[[ Record extracts open ]]
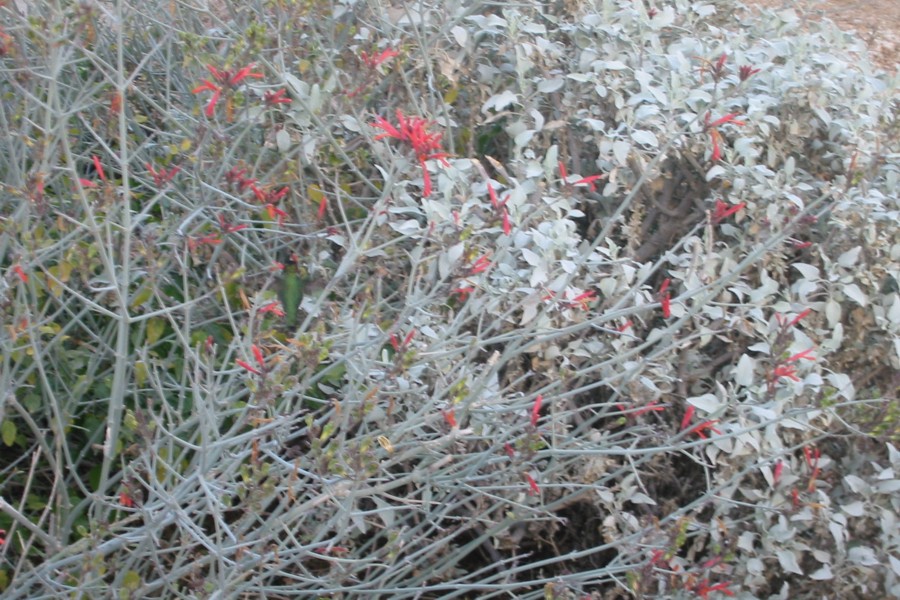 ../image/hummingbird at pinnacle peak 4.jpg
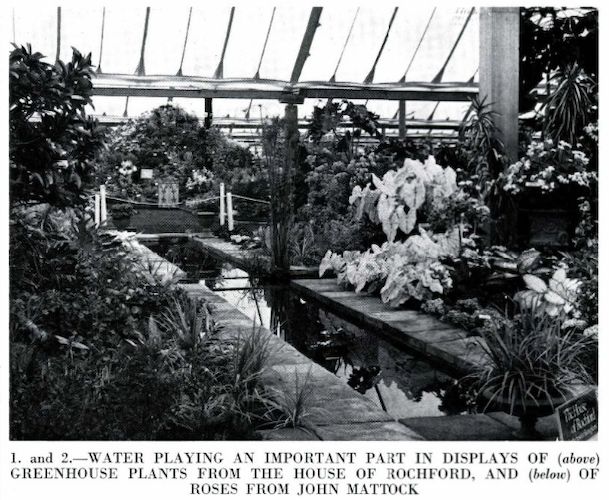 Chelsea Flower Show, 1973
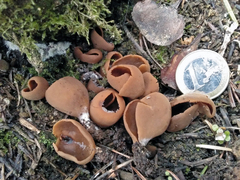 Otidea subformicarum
[[ Record extracts closed ]]
[[ Record extracts open ]]
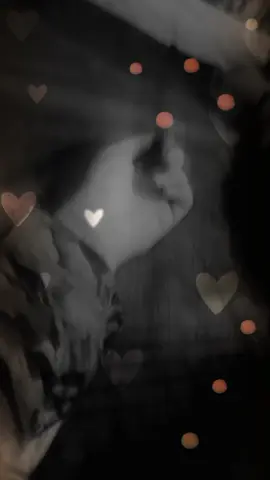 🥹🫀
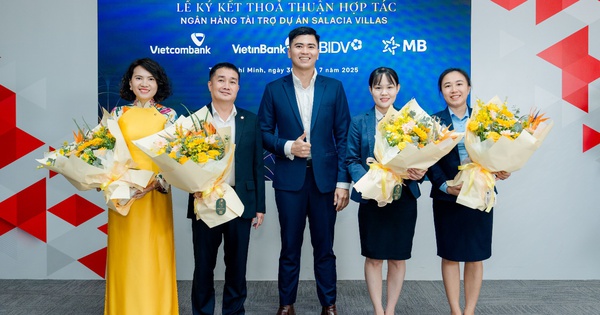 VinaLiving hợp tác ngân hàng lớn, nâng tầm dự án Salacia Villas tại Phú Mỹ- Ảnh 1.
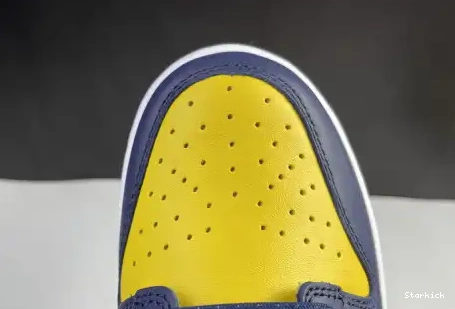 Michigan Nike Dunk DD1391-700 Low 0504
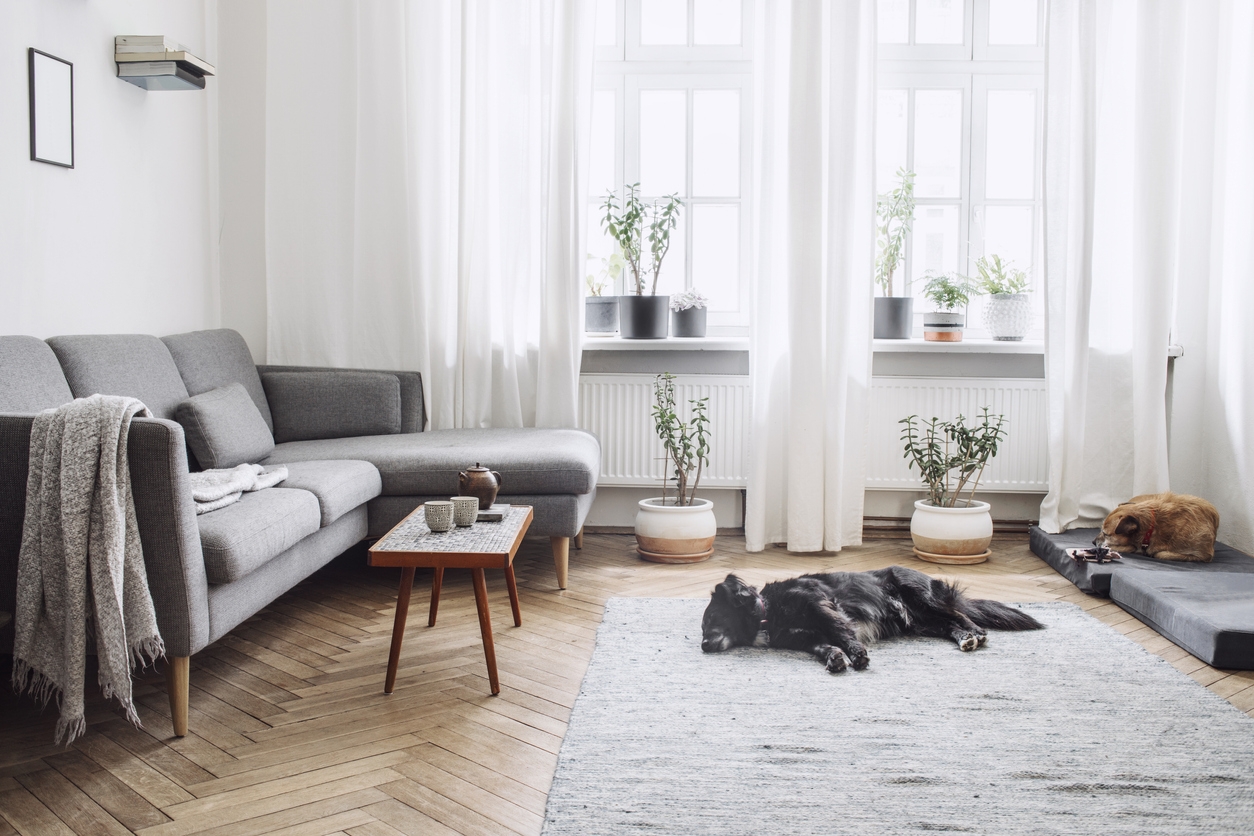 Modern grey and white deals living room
[[ Record extracts closed ]]
Problem
Treat the line with "Chelsea Flower Show, 1973" as the start and the line with "Otidea subformicarum" as the end, and return exactly that span of the data above, both ends included, without pictures.

Answer section
 Chelsea Flower Show, 1973
 Otidea subformicarum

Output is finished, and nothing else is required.